- [What to produce]: As output, give the exact lines from the one containing "this 640×480 image." through the end of the listing below, both included, without the pictures.

- [Supplied data]:
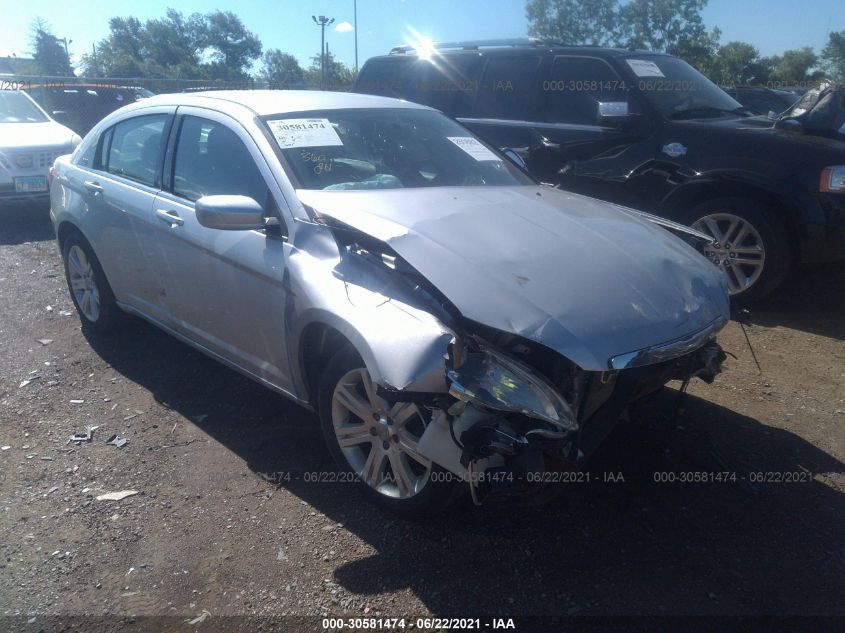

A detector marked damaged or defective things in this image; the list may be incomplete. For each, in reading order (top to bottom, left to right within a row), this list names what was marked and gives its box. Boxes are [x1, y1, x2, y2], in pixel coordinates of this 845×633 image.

broken headlight [446, 338, 576, 432]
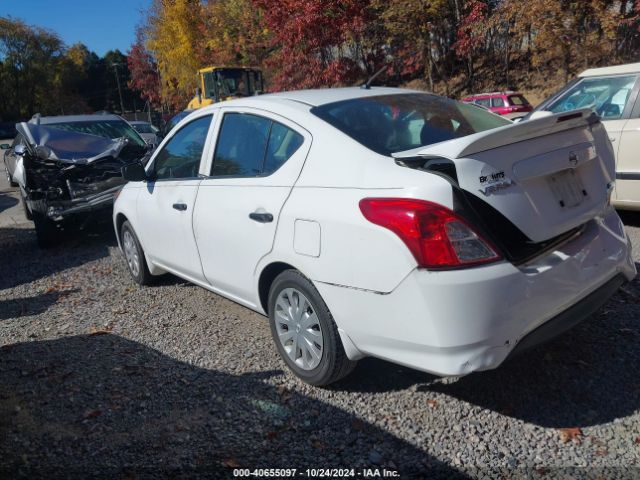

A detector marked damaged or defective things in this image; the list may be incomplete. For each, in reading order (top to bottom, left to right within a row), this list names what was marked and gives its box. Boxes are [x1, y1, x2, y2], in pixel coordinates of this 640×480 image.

wrecked car hood [16, 122, 127, 165]
damaged silver car [11, 114, 149, 246]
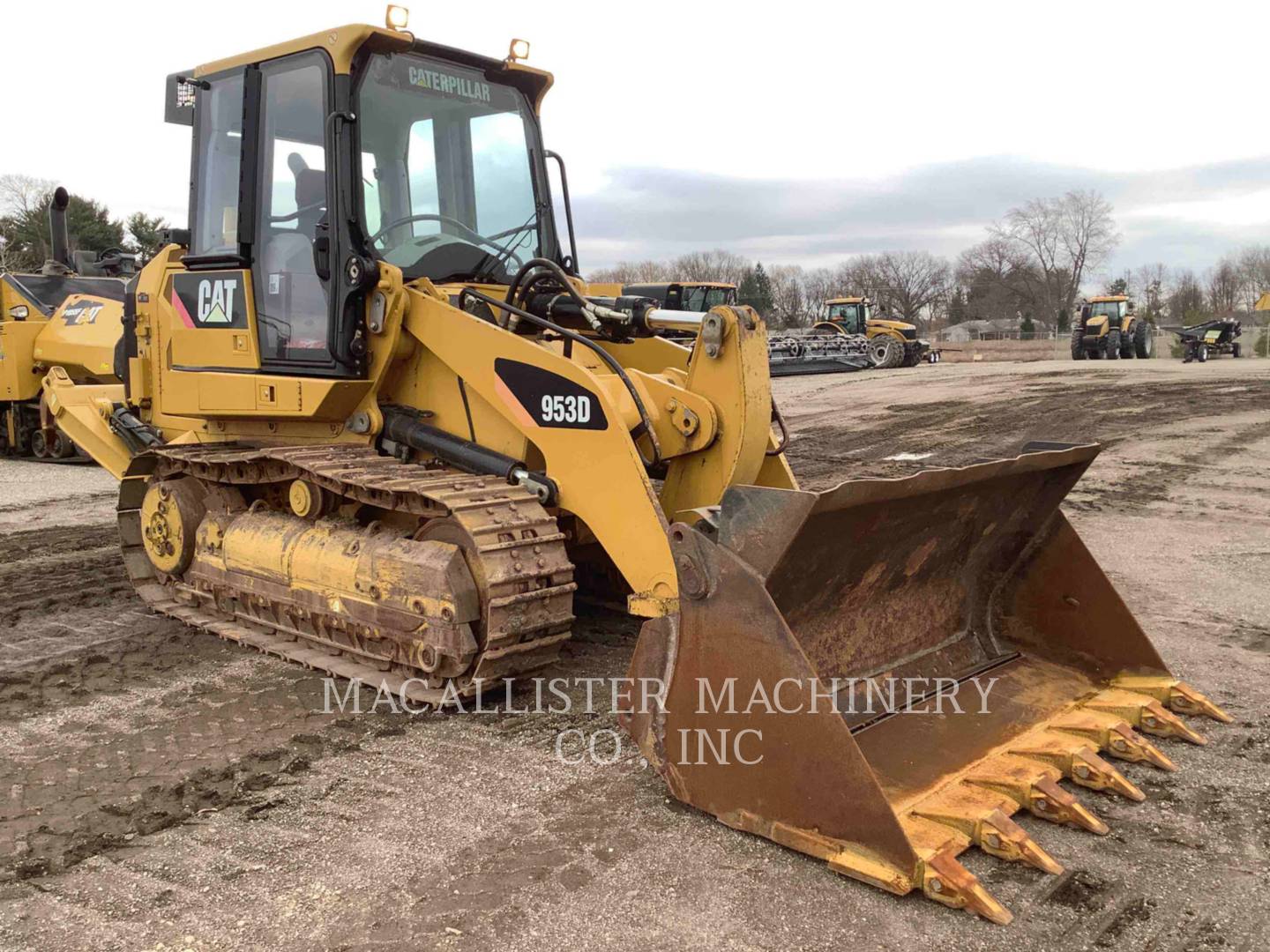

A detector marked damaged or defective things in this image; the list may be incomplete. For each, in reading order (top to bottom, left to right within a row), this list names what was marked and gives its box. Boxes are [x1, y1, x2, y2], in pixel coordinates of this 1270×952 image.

rusty bucket interior [624, 444, 1229, 929]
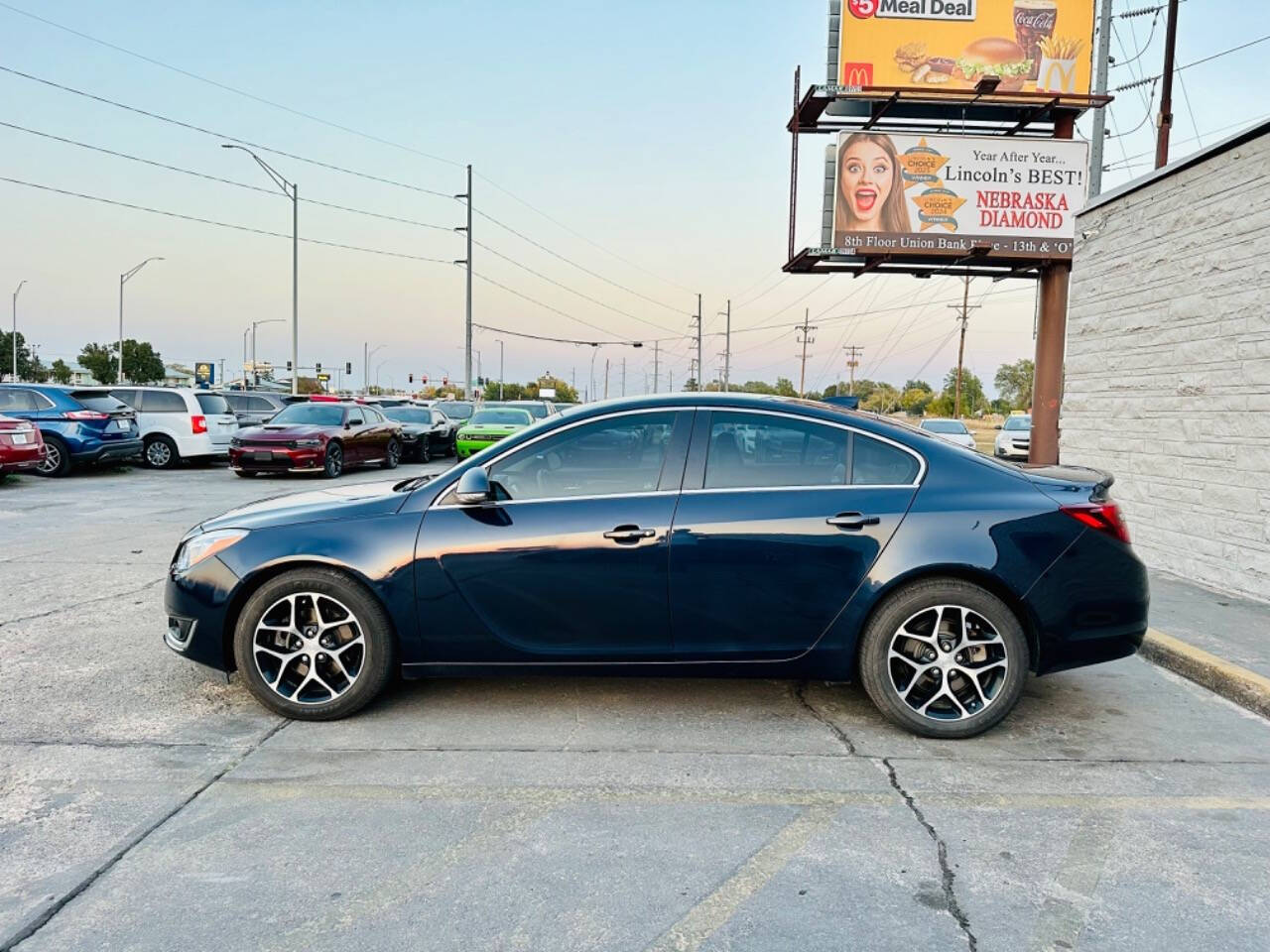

- [Solved exercise]:
A detector marked damaged or defective things in this image; the list may be incomplete. For each, in reading order (top to bottom, left to right within a row), this list names what was marked and gives its box. Boxes are [x1, y1, x2, y2], in pixel coordinates of this 640×480 image.

wrecked car hood [16, 122, 127, 165]
damaged silver car [11, 114, 149, 246]

A detector marked damaged or defective things in this image; the list may be incomplete. For each, in reading order (top to bottom, left to right within a row), this list names what was marked and gives its box. Boxes are [x1, y1, x2, y2], in pixel coordinates of this 1270×952 image.

rusty bucket interior [624, 444, 1229, 929]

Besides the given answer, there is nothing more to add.